You may have heard a lot in the press lately about financial advisers and whether they act as a fiduciary. So, what does it mean? Basically, it means your adviser is required to act in your best interest, and not their own. That’s it! Seems simple, right?
Not so. For starters, not all advisors are fiduciaries nor are they required to be a fiduciary. There are financial professionals who are only required to act under a suitability standard. This means, the adviser need only have adequate reason to believe a recommendation is suitable for their client. In this situation, it is possible a conflict of interest may exist. That is, when deciding between investment options, if one choice pays the adviser a better commission, the adviser may select that option believing it suitable for their client. It doesn’t mean that the adviser (or the investment) is necessarily bad, it just means a conflict exists. In dollars and cents, it means you as the client may end up paying more for your advice and investment.

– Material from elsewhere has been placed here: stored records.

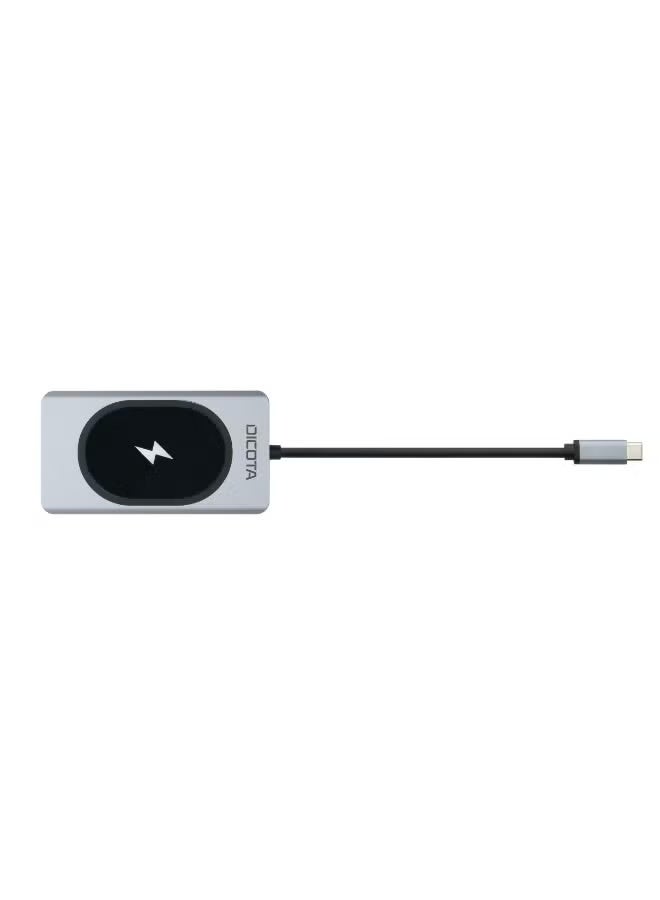 DICOTA USB-C 10-in-1 Charging Hub with 4K HDMI, VGA, PD 100W Power Delivery, 15W Wireless Charging, Gigabit Ethernet, SD/TF Card Reader - Silver/Black | D32059 - Image 3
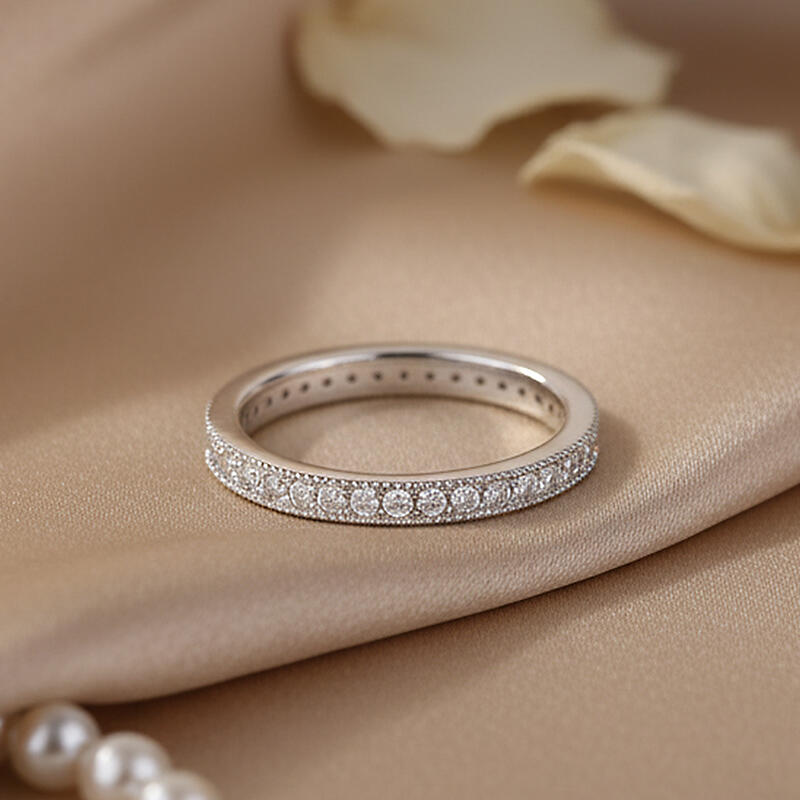 Moissanite 10K/14K/18K Guld Platina Milgrain Eternity Gold Band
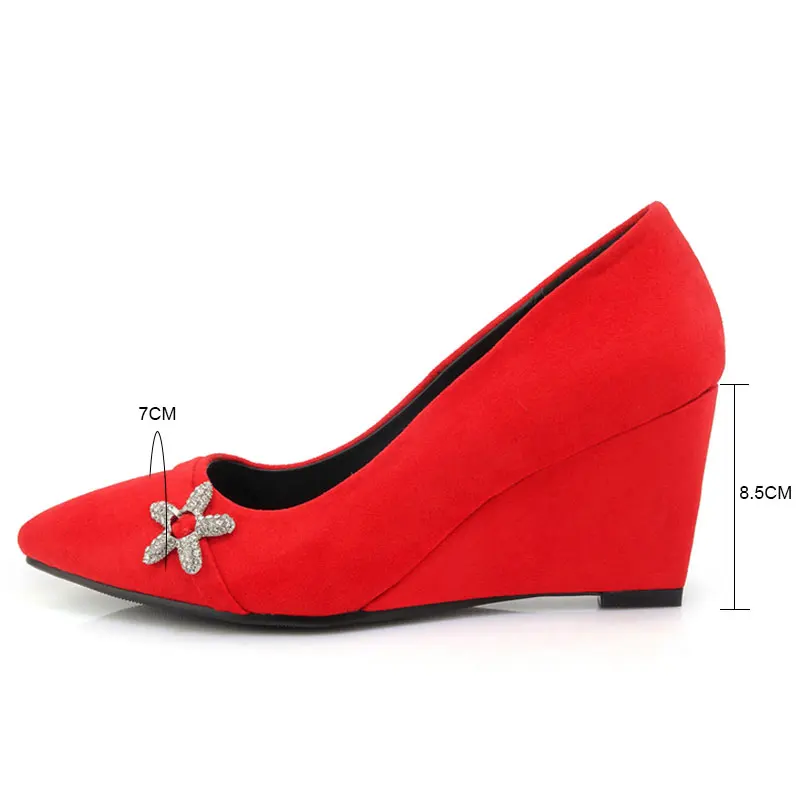 Fanyuan 2018 Women's Rhinestone Charming High Heel Wedge Shoes Woman Pointed Toe Less Platform Wedding Pumps Big Size 32-42 | Обувь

Under a fiduciary standard, an adviser uses a well thought out and prudent process. Conflicts of interest must be disclosed. They will also discuss their choices with you in detail to be certain you understand the recommendation, the rationale behind it, and provide you ample opportunity to ask questions. This way there is no misunderstanding about the choices being made or the logic behind those choices. A fiduciary adviser looks beyond short-term commission and puts the client’s best interest first. Keep in mind that the Securities and Exchange Commission also regulates registered investment advisers that claim to be fiduciaries.
When seeking financial advice, do your homework and know that there are two types of advisers out there. Be direct and ask your adviser if he or she is a fiduciary. The answer should be a simple yes or no. If you do pick an adviser that is not a fiduciary, just understand upfront what the costs and conflicts may be. Again, it’s not a ‘bad guy’ vs. ‘good guy’ but knowing who and what you are paying for in advance. This will help avoid conflict, maybe save some money, and reduce stress from the beginning.